No. You'll need to exercise judgement.
jk
1
 Owen240 28 Jul 2015
In reply to Oogachooga:
Don't be completely deterred from smearing, even though it's near frictionless. A small slit or nick in the slate can be a legitimate toe smear (I like to call it smedging) which will help you gain ground on some of the harder routes. If you're climbing in the lower sport grades, usually 5 to 6a, you'll find lots of meaty ledges where the only difficulty will be high stepping and mantelshelves which won't trouble you if you have a basic flexibility. Around 6b and onwards, you'll be greeted by long reaches, dodgy smears, tiny ledges and sidepulls so good footwork and bridging skills will come in handy. Australia is a great introductory area with great routes like Orangutan Overhang (6a), Gadaffi Duck (6b) and Looning the Tube (HVS).

The second time at Dinorwig, we saw some guy panicking and swearing at his girlfriend on belay because he couldn't raise his leg high enough to reach the ledge before the chains - a ledge about knee height. It was hilarious but please don't be that guy! Be kind to your belayer. Also watch out for loose rock on the peak of each level; you could quite easily dislodge some and send it careening down onto some poor f##ker below, The Omen style.

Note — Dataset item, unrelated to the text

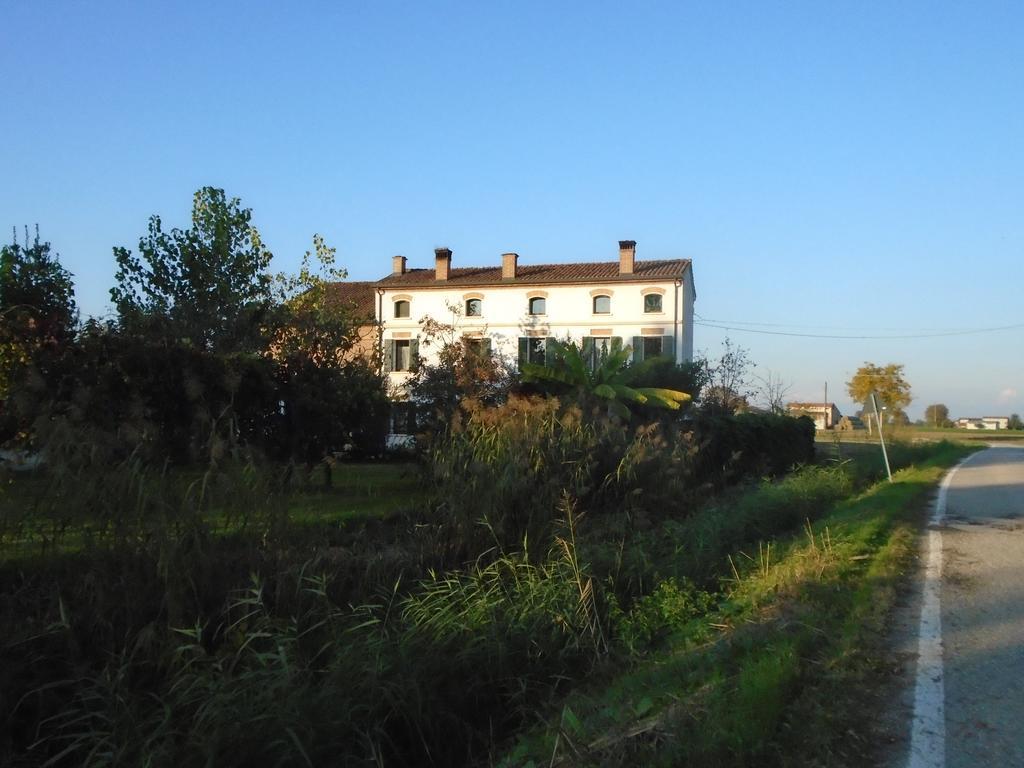 Agriturismo Loghino Sabbioni Suzzara Exterior foto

Happy climbing man. Hope you get the slate bug and bag yourself some classics!
Post edited at 21:34
 Heavy Mental 28 Jul 2015
In reply to Oogachooga:

Definitely a good stiff pair of shoes for edging, I use 5.10 blanco's and have found them great for the small edges on slate. Do looning the tube in Australia sector It's a fantastic wee climb. Nothing like indoors from my experience but really fantastic rock, I wish I had the slate quarries on my doorstep. Have fun!
In reply to Oogachooga:

>>Any tips for climbing in the slate quarries?

If it's been raining allow plenty of time for the rock to dry before climbing ....... at least 10 minutes, if not 15
In reply to Oogachooga:

If you fancy something a little different at the end of the day and you still have a couple of hrs of daylight left do Snakes and ladders and tunnels, it's utterly brilliant!
 Lord_ash2000 29 Jul 2015
In reply to climbingpixie:
Fair enough, wasn't aware of that of that as I've not been for a long time.
Post edited at 21:33
 Bulls Crack 29 Jul 2015
In reply to Oogachooga:

Don't be too disappointed?
3
Removed User 30 Jul 2015
In reply to Oogachooga:

There are loose bits everywhere, but I love slate, crimpy but fun!
 neuromancer 30 Jul 2015
In reply to Somerset swede basher:

The bridge is no more - snakes and ladders is no more.

OP: Brass nuts.

Both kinds.
In reply to neuromancer:

I know, such a shame, but it's possible to do all the rest still and just box around the B of D.
 JSH 01 Aug 2015
In reply to Oogachooga:

id would take a set or two of micros and if climbing anything above E4/5 a skyhook. at first stick to the bolted routes cuz gear is usually poor apart from the classics!